Fig 3.3. A frequency table for religion, a nominal variable.

Fig. 3.3 is a table that shows religious affiliation from the hsbdata that we are using in this book. In this example, there is a Frequency column that shows the numbers of students who checked each type of religion (e.g., 30 said protestant and 4 left it blank). Notice that there is a total (67) for the three responses considered Valid and a total (8) for the two types of responses considered to be Missing as well as an overall total (75). The Percent column indicates that 40.0% are protestant, 30.7% are catholic, 18.7% are not religious, 5.3% had one of several other religions, and 5.3% left the question blank. The Valid Percent column excludes the eight missing cases and is often the column that you would use. Given this data set, it would be accurate to say that of those not coded as missing, 44.8% were protestant, 34.3%, catholic, and 20.9% were not religious.

To get Fig. 3.3, select:

Analyze → Descriptive Statistics → Frequencies → move religion to the Variable(s): box → OK (make sure that the Display frequency tables box is checked.

When the variable has ordered levels (i.e., is ordinal or approximately normal), the procedure is the same and the frequency table has the same structure. However, when the variable is ordinal or approximately normal, the Cumulative Percent column is useful. With a nominal variable, the cumulative percent column is not useful. From Fig. 3.4, we can say that 22.7% of the students had grades that were mostly Cs or less and that 64% had mostly Bs or less.

To create Fig. 3.4, select:

Analyze → Descriptive Statistics → Frequencies → move grades in h.s. to the Variable(s): box → OK.

Fig. 3.4 A frequency table for an ordered variable: grades in h.s.

As mentioned earlier, frequency distributions indicate how many participants are in each category, giving you a feel for the distribution of scores. If one wants to make a diagram of a frequency distribution, there are several choices, four of which are bar charts, frequency polygons, histograms, and box and whisker plots.

Bar Charts

With nominal data, you should not use a graphic that connects adjacent categories because with nominal data there is no necessary ordering of the categories or levels. Thus, it is better to make a bar graph or chart of the frequency distribution of variables like religion, ethnic group, or other nominal variables; the points that happen to be adjacent in your frequency distribution are not by necessity adjacent.

is a bar chart created by selecting:
Analyze → Descriptive Statistics → Frequencies → move religion → Charts→ Bar charts → Continue → OK.

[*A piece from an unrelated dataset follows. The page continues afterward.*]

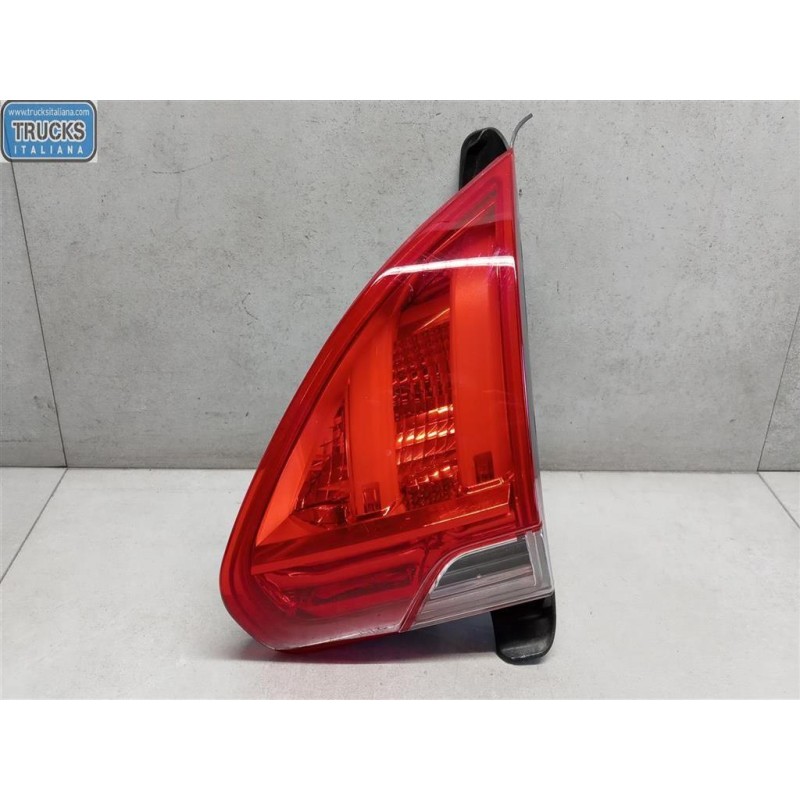 PEUGEOT FARO POST INTERNO LED DESTRO PEUGEOT 2008 2013>2016 usato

Fig. 3.5.Sample frequency distribution bar chart for the nominal variable of religion.

Histograms

As we can see if we compare Fig. 3.5 to the histograms in Fig. 3.1 and 3.2, histograms look much like bar charts except in histograms there is no space between the boxes, indicating that there is theoretically a continuous variable underlying the scores (i.e., scores could theoretically be any point on a continuum from the lowest to highest score). Histograms can be used even if data, as measured, are not continuous, if the underlying variable is conceptualized as continuous. For example, the competence scale items were rated on a 4-point scale, but one could, theoretically, have any amount of competence.

Frequency Polygons

Figure 3.6 is a frequency polygon; it connects the points between the categories and is best used with approximately normal data, but it can be used with ordinal data.

To create Fig. 3.6, select:

Graphs →Legacy Dialogs → (be sure that Simple and Summaries for groups of cases are checked) → Define → motivation scale to Category Axis box → OK.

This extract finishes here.